• ACTIVITY: Each line of the listing below must be retyped as given.

• RECORDS FOR THIS TASK:
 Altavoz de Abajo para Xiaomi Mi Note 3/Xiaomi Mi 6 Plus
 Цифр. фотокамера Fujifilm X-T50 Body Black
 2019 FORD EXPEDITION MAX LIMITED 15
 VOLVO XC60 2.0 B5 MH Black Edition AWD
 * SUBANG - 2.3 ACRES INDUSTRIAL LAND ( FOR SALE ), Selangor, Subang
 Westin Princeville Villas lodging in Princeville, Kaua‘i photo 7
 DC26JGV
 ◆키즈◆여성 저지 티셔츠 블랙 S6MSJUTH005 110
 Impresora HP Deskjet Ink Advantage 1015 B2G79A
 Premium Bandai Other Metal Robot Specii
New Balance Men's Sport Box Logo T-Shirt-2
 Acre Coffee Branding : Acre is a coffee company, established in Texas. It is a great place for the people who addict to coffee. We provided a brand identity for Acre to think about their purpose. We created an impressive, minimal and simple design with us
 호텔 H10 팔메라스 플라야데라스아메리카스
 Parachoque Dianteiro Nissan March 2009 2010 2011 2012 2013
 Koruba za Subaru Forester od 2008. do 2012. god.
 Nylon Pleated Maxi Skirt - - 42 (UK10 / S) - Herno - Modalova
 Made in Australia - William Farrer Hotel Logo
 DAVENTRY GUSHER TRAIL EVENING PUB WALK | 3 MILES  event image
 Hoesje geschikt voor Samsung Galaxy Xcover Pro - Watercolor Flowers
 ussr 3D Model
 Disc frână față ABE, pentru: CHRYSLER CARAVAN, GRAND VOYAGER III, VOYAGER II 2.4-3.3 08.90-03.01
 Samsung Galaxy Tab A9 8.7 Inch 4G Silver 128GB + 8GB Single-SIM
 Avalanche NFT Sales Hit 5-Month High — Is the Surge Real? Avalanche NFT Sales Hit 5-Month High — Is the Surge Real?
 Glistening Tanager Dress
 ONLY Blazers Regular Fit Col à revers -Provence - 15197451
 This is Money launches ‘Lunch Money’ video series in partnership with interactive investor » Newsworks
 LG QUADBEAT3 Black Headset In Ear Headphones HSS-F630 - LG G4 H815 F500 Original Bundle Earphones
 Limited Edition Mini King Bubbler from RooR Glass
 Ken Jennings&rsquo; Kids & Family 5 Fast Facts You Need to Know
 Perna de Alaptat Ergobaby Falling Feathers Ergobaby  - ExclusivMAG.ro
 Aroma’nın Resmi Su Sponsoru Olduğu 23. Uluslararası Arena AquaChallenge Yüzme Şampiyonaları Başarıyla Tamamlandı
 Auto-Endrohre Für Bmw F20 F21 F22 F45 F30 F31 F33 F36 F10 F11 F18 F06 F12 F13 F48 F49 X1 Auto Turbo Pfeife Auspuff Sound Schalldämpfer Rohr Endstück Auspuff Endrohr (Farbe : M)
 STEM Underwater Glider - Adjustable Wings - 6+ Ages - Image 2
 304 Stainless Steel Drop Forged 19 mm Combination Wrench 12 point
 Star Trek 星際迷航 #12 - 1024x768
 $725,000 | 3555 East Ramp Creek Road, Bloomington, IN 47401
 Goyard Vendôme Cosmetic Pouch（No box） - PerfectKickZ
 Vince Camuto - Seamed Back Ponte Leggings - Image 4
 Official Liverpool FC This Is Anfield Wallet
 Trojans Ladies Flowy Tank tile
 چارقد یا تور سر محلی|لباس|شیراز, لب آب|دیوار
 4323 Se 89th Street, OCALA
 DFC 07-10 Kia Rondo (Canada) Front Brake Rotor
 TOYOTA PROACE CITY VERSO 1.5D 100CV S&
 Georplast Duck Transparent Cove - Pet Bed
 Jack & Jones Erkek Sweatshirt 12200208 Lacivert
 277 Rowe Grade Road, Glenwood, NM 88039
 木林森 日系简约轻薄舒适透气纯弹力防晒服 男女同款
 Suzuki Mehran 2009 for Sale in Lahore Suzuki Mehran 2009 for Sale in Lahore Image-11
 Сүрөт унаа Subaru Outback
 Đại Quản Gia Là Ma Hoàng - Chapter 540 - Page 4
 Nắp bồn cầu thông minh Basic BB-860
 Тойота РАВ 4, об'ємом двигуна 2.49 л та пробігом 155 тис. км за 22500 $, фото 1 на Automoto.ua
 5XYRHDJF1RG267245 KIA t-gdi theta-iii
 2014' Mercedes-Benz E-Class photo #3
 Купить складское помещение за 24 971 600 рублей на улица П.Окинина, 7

• ANSWER TO THE PROBLEM:
 Altavoz de Abajo para Xiaomi Mi Note 3/Xiaomi Mi 6 Plus
 Цифр. фотокамера Fujifilm X-T50 Body Black
 2019 FORD EXPEDITION MAX LIMITED 15
 VOLVO XC60 2.0 B5 MH Black Edition AWD
 * SUBANG - 2.3 ACRES INDUSTRIAL LAND ( FOR SALE ), Selangor, Subang
 Westin Princeville Villas lodging in Princeville, Kaua‘i photo 7
 DC26JGV
 ◆키즈◆여성 저지 티셔츠 블랙 S6MSJUTH005 110
 Impresora HP Deskjet Ink Advantage 1015 B2G79A
 Premium Bandai Other Metal Robot Specii
New Balance Men's Sport Box Logo T-Shirt-2
 Acre Coffee Branding : Acre is a coffee company, established in Texas. It is a great place for the people who addict to coffee. We provided a brand identity for Acre to think about their purpose. We created an impressive, minimal and simple design with us
 호텔 H10 팔메라스 플라야데라스아메리카스
 Parachoque Dianteiro Nissan March 2009 2010 2011 2012 2013
 Koruba za Subaru Forester od 2008. do 2012. god.
 Nylon Pleated Maxi Skirt - - 42 (UK10 / S) - Herno - Modalova
 Made in Australia - William Farrer Hotel Logo
 DAVENTRY GUSHER TRAIL EVENING PUB WALK | 3 MILES  event image
 Hoesje geschikt voor Samsung Galaxy Xcover Pro - Watercolor Flowers
 ussr 3D Model
 Disc frână față ABE, pentru: CHRYSLER CARAVAN, GRAND VOYAGER III, VOYAGER II 2.4-3.3 08.90-03.01
 Samsung Galaxy Tab A9 8.7 Inch 4G Silver 128GB + 8GB Single-SIM
 Avalanche NFT Sales Hit 5-Month High — Is the Surge Real? Avalanche NFT Sales Hit 5-Month High — Is the Surge Real?
 Glistening Tanager Dress
 ONLY Blazers Regular Fit Col à revers -Provence - 15197451
 This is Money launches ‘Lunch Money’ video series in partnership with interactive investor » Newsworks
 LG QUADBEAT3 Black Headset In Ear Headphones HSS-F630 - LG G4 H815 F500 Original Bundle Earphones
 Limited Edition Mini King Bubbler from RooR Glass
 Ken Jennings&rsquo; Kids & Family 5 Fast Facts You Need to Know
 Perna de Alaptat Ergobaby Falling Feathers Ergobaby  - ExclusivMAG.ro
 Aroma’nın Resmi Su Sponsoru Olduğu 23. Uluslararası Arena AquaChallenge Yüzme Şampiyonaları Başarıyla Tamamlandı
 Auto-Endrohre Für Bmw F20 F21 F22 F45 F30 F31 F33 F36 F10 F11 F18 F06 F12 F13 F48 F49 X1 Auto Turbo Pfeife Auspuff Sound Schalldämpfer Rohr Endstück Auspuff Endrohr (Farbe : M)
 STEM Underwater Glider - Adjustable Wings - 6+ Ages - Image 2
 304 Stainless Steel Drop Forged 19 mm Combination Wrench 12 point
 Star Trek 星際迷航 #12 - 1024x768
 $725,000 | 3555 East Ramp Creek Road, Bloomington, IN 47401
 Goyard Vendôme Cosmetic Pouch（No box） - PerfectKickZ
 Vince Camuto - Seamed Back Ponte Leggings - Image 4
 Official Liverpool FC This Is Anfield Wallet
 Trojans Ladies Flowy Tank tile
 چارقد یا تور سر محلی|لباس|شیراز, لب آب|دیوار
 4323 Se 89th Street, OCALA
 DFC 07-10 Kia Rondo (Canada) Front Brake Rotor
 TOYOTA PROACE CITY VERSO 1.5D 100CV S&
 Georplast Duck Transparent Cove - Pet Bed
 Jack & Jones Erkek Sweatshirt 12200208 Lacivert
 277 Rowe Grade Road, Glenwood, NM 88039
 木林森 日系简约轻薄舒适透气纯弹力防晒服 男女同款
 Suzuki Mehran 2009 for Sale in Lahore Suzuki Mehran 2009 for Sale in Lahore Image-11
 Сүрөт унаа Subaru Outback
 Đại Quản Gia Là Ma Hoàng - Chapter 540 - Page 4
 Nắp bồn cầu thông minh Basic BB-860
 Тойота РАВ 4, об'ємом двигуна 2.49 л та пробігом 155 тис. км за 22500 $, фото 1 на Automoto.ua
 5XYRHDJF1RG267245 KIA t-gdi theta-iii
 2014' Mercedes-Benz E-Class photo #3
 Купить складское помещение за 24 971 600 рублей на улица П.Окинина, 7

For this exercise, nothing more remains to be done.